# Raw data:
- - - - - - -
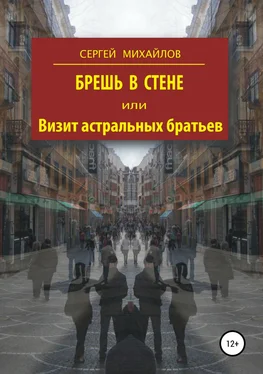 Сергей Михайлов Брешь в стене, или Визит астральных братьев обложка книги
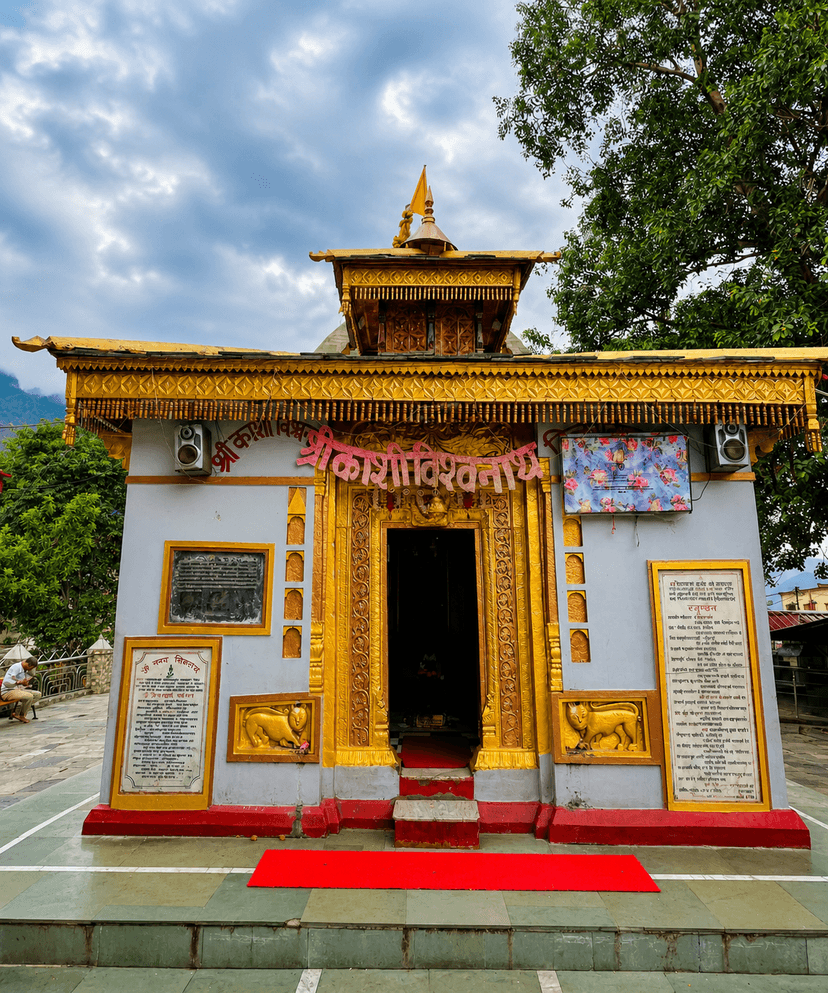 Kashi Vishwanath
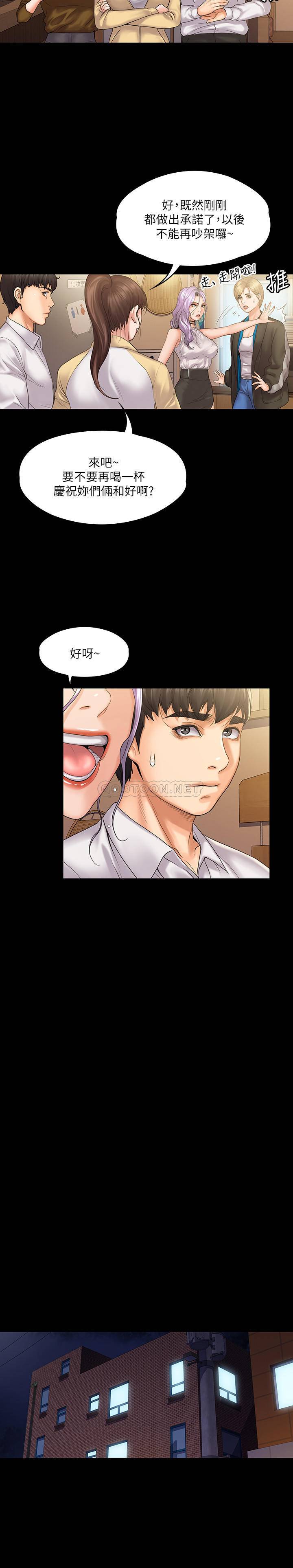 [韩国漫画] 我投降了，女教练 剧情,巨乳大奶#[30P]-20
- - - - - - -
# Brief:
Exactly as written, restate all of the data, leaving out the images.

# Reply:
 Сергей Михайлов Брешь в стене, или Визит астральных братьев обложка книги
 Kashi Vishwanath
 [韩国漫画] 我投降了，女教练 剧情,巨乳大奶#[30P]-20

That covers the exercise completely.